Monad also introduces a new storage backend called MonadDB to accelerate contract and state access. Every time a transaction is executed, the chain must retrieve data from storage. But the EVM’s current storage model makes this a slow process.
MonadDB enables much more efficient storage. And because Monad supports parallel execution, it can also implement asynchronous input/output (I/O)—allowing the chain to continue executing transactions while reading from or writing to storage.
Additionally, Monad separates the consensus layer from the execution layer. This allows consensus to run ahead of execution in parallel, rather than bottlenecking transaction processing.

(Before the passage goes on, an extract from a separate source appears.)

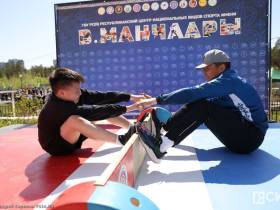 Айсен Николаев дал старт фестивалю «Сайын» ко Дню защиты детей в Якутске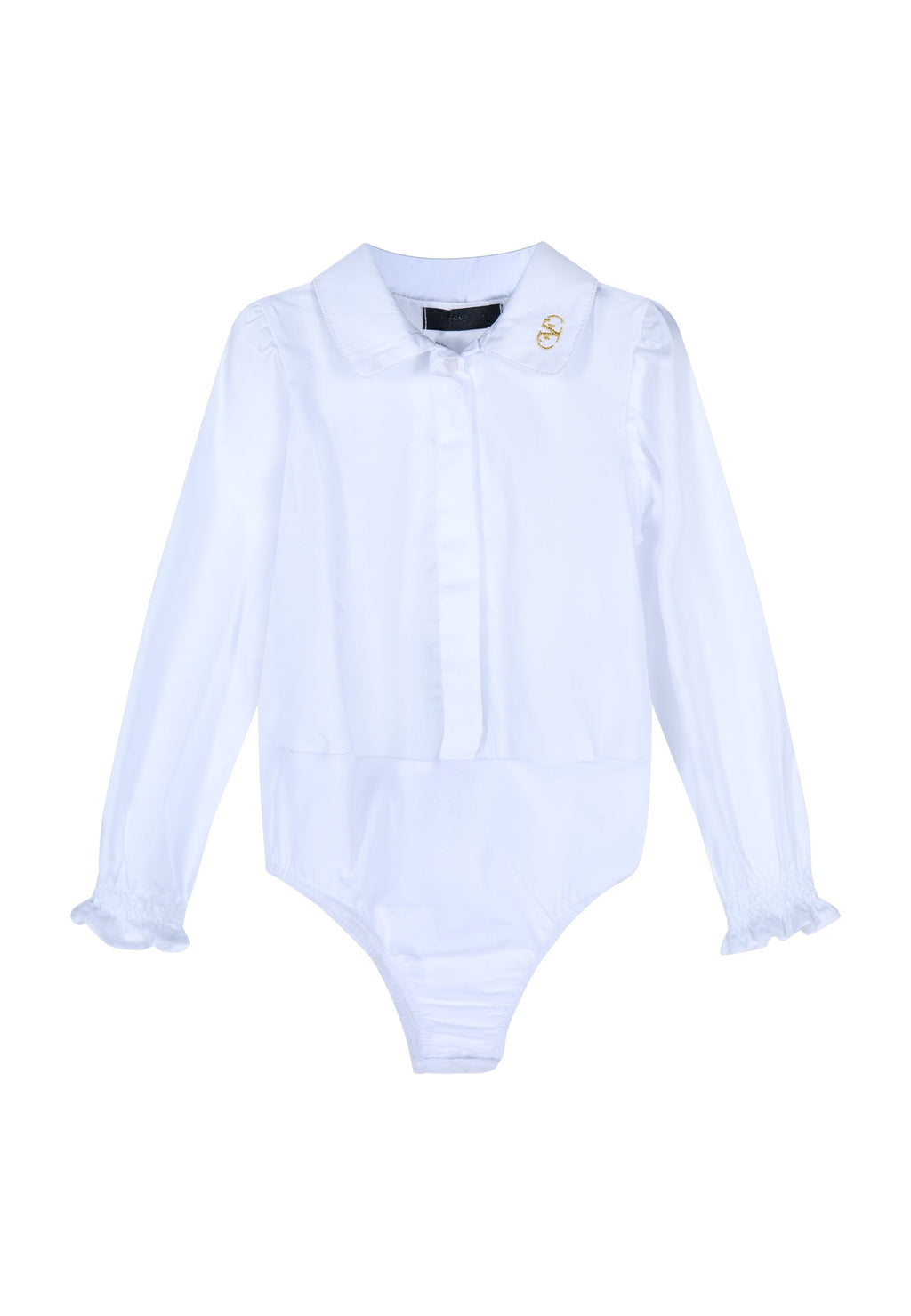 Fun&Fun Camicia Body Bianca Neonata - FW24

Oh, and Monad implements a new consensus algorithm too. Now, nodes can reach consensus faster and more efficiently.
Through these and other optimizations, Monad makes significant improvements to the EVM.
Of course, all of this remains theoretical—for now. We haven’t seen Monad running in production yet.
Who knows—maybe Monad will fail to deliver on its promises. But by challenging mainstream architectural paradigms, projects like Monad can push the collective progress of blockchain technology forward.
Perhaps modular chains will ultimately win. Or perhaps monolithic architecture will prove superior. But neither holds a monopoly on innovation or wisdom. Real breakthroughs require open exploration of ideas beyond conventional thinking or narrow dogma. If cryptocurrency is to fulfill its promise, architectural decisions must be based on evidence—not ideology.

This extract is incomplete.